This is NOT a homework question. The question here is just an example.
In this question, after both the liquids are mixed and a homogenous mixture is created, I found the effective density of the mixture and found that the pressure at the base increases by 1/2(rho)gh.
This was calculated by taking a smaller cylinder with area a inside the system and as the fluid inside this imaginary cylinder is in equilibrium, I took the pressure at the bottom into the area of that smaller cylinder as the weight of the fluid.
The normal reaction on the container by the ground remains the same obviously as there is no change in the mass of the system.
Now what I think is that the pressure on the base × base area = normal force
As the base area hasn't changed but the pressure has, the normal force also changes? Which is clearly wrong.

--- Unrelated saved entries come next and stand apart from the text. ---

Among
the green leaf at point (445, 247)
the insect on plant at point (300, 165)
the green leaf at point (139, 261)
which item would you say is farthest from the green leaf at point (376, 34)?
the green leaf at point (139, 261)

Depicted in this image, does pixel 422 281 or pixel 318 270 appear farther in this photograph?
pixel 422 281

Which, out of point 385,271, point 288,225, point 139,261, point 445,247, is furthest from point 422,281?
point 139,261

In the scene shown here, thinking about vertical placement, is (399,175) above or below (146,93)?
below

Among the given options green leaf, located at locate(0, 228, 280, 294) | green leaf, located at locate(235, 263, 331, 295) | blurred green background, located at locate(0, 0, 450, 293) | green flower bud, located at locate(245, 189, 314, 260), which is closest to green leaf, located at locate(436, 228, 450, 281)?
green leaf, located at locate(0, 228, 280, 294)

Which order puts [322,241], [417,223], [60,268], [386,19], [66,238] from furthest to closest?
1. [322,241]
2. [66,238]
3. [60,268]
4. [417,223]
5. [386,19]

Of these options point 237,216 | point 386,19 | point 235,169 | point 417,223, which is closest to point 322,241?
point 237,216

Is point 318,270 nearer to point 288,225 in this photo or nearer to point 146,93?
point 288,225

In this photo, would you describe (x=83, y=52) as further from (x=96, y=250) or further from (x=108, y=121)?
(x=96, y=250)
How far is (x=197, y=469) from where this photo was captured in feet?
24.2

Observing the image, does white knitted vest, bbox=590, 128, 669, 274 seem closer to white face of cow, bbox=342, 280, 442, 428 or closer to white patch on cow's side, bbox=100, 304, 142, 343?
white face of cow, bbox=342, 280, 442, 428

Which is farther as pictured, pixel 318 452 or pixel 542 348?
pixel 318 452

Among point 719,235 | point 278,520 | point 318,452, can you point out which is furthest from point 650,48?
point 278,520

I have clearly misunderstood something here and would like to know if the pressure at the bottom of a container and normal force are related and how.
Best Answer
If you mean the internal pressure in the vessel, then no. The vessel has rigid walls and the pressure inside is not necessarily related to the pressure outside.
Imagine a gas cylinder with a movable piston. We can depress the piston to increase the pressure inside without adding mass. But the normal force from the ground is unaltered.
If the fluid pressure on the bottom of the vessel increases, but the normal force does not, then some other force must be changing so that the bottom does not accelerate. This force comes from the walls of the cylinder.
The extra area of the bottom cylinder that is not under the upper cylinder is under internal pressure. Before the mixing the fluid is pushing up on this area with pressure $2\rho g H$, but after the mixing the pressure is $3 \rho g H$. This extra pressure creates an upward force that counteracts the force from the increased downward pressure on the base.